I’m attempting to count the number of times a particular string appears in a table. I have between 20 and 70 files (tab-delimited tables) in a folder. Each file contains a data frame with over 1,000 strings. For each string there's a row. I’m trying to count the number of times the string in each row appears in the other rows within each file. The code below displays the number of times a manually designated string appears in the file as a repeat or as a component of another string. Unfortunately because I have to enter the target string manually, it amounts to doing a search in an excel file. I need the script to check each string against all the rows on its own and report only the strings that appear once or more in another row. The code below is what I have. It iterates through each row of a file before it moves on to the another file.
Example of the input file.

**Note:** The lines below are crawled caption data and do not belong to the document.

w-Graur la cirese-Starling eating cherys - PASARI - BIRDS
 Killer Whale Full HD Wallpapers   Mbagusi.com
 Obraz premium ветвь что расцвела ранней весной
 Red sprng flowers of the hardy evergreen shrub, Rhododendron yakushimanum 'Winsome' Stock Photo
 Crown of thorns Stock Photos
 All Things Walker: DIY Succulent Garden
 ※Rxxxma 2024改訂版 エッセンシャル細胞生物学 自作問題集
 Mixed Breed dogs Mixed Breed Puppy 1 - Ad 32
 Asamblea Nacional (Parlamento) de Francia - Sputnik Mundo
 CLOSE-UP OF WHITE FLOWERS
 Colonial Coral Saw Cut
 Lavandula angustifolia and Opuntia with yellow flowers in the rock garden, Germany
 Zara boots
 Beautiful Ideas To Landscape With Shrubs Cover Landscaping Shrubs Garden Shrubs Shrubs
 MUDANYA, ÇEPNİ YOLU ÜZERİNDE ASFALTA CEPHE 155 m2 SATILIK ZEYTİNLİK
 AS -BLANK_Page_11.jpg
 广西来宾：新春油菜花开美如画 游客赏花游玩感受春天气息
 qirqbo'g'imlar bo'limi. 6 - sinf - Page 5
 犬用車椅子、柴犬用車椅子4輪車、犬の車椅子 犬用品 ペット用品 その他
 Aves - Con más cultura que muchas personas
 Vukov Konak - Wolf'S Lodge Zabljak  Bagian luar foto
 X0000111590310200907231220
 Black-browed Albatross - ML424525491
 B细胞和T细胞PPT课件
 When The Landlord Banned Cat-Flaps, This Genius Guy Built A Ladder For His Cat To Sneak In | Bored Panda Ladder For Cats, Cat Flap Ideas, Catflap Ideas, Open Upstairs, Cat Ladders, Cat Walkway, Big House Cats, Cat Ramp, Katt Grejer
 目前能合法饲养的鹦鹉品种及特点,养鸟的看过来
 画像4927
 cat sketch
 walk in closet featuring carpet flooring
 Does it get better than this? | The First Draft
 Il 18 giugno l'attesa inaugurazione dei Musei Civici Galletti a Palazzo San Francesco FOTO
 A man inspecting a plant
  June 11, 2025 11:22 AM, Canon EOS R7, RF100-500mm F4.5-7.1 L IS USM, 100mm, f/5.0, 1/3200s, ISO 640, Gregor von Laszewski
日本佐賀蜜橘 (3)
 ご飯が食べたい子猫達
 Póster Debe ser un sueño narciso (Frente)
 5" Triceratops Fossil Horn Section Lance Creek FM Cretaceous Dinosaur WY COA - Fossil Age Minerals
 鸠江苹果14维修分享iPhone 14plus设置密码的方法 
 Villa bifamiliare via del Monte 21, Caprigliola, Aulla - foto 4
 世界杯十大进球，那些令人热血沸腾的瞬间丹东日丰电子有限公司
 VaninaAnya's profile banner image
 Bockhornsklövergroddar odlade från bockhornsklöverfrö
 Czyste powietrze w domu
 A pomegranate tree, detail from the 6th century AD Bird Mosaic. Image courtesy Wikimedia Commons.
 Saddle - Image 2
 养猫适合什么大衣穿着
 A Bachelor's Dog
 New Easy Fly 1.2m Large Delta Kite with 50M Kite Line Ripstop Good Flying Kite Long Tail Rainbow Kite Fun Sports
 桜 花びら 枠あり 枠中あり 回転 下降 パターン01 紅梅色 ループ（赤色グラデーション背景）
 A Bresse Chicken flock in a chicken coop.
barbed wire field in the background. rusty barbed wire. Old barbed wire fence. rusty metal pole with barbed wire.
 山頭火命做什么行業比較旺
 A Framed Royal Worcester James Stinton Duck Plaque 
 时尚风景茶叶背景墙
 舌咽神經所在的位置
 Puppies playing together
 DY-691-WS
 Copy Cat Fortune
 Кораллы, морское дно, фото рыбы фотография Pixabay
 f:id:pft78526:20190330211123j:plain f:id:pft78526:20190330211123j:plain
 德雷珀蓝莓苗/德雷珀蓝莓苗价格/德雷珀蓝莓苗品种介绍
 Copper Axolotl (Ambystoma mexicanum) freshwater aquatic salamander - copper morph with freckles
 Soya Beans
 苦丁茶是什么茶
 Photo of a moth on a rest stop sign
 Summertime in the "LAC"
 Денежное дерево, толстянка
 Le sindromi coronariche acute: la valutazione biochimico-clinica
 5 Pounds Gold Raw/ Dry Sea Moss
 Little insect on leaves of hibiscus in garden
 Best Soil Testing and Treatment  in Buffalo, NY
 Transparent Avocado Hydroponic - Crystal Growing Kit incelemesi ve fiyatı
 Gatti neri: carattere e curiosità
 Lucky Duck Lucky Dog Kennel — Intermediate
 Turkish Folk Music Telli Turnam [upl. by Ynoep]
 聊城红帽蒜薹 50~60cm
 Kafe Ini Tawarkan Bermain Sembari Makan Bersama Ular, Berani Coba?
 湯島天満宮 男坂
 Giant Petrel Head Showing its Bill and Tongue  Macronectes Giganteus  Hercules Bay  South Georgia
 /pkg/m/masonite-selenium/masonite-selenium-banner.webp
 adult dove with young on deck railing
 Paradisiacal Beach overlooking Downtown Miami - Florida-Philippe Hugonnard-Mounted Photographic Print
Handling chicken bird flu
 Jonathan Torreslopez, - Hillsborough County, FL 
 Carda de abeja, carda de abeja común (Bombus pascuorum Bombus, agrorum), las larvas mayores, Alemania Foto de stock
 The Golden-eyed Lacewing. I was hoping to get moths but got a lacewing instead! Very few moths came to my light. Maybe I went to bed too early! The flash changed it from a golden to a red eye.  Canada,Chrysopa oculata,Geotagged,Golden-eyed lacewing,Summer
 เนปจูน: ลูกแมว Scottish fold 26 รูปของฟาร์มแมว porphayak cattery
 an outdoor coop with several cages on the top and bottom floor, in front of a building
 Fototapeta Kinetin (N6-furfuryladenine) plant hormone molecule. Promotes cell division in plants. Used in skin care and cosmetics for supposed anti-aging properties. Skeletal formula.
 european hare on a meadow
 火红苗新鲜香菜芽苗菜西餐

Each input file is basically a single column data frame. Each row in the column is comprised of a single character string, e.g, attcctc, etc. The single-column could have over a thousand rows. The name of each file, which is tab-delimited ends with .txt, and there could be anywhere between 10 and 90 different files in a folder. Below is a small example of what a file called sample01.txt would contain. The numerals are just the row index.
sample01.txt
1. TTCAGGTTACGT
2. TCGGGATTACACCC
3. ACGGGATAACACCTCG
4. GCCAT
5. GGGTTACS
etc.
library(stringr)
library(tidyverse)
files <- list.files(path="/mnt/data/TCR_PROCESSING-ISEQ100/Data/Processed_data/samples_by_name", pattern= ".txt")
for (i in files){
print(i)
data <- read.table(file =paste0( "/mnt/data/TCR_PROCESSING-ISEQ100/Data/Processed_data/samples_by_name/", i), sep = '\t', header = TRUE)
for (t in unique(data)){
clones <- deframe(data)
number.seq <- str_count(clones, "TGTGC")
repeats <- sum(number.seq)-1
print(repeats)
}
}
The code above, which just checks for a single string (in the code it would be "TGTGC" would yield something like this. It displays the count of the times that string appears in each file after checking for its presence in each row of a file. Furthermore, the program looks for the string even if it's part of another longer string, e.g, "ACTGTGCAA"
sample01.txt
0
sample02.txt
0
sample03.txt
1
The above result tells me that the string "TGTGC" was found in all three files, but since what I want is just the times it appears more than once, the code found it's only repeated more than once in the file "sample03.txt". What I really want to do is add a routine where the code checks for the presence of repeats of each string in each file in all of the files, one-by-one. As it stands right now, I have to enter the string in the code manually. This works fine if I'm only looking for one string, but now I have to check for each and every string in each and every file.
Example desired output:
"TTCAGGTTACGT"
sample01.txt
1
sample02.txt
3
sample05.txt
1
"TCGGGATTACACCC"
sample01.txt
1
sample03.txt
2
sample04.txt
1
...... etc.
I really don't want the report to show when the check yields a "0" or a "-1". Just where it's >0. I hope this helps clarify.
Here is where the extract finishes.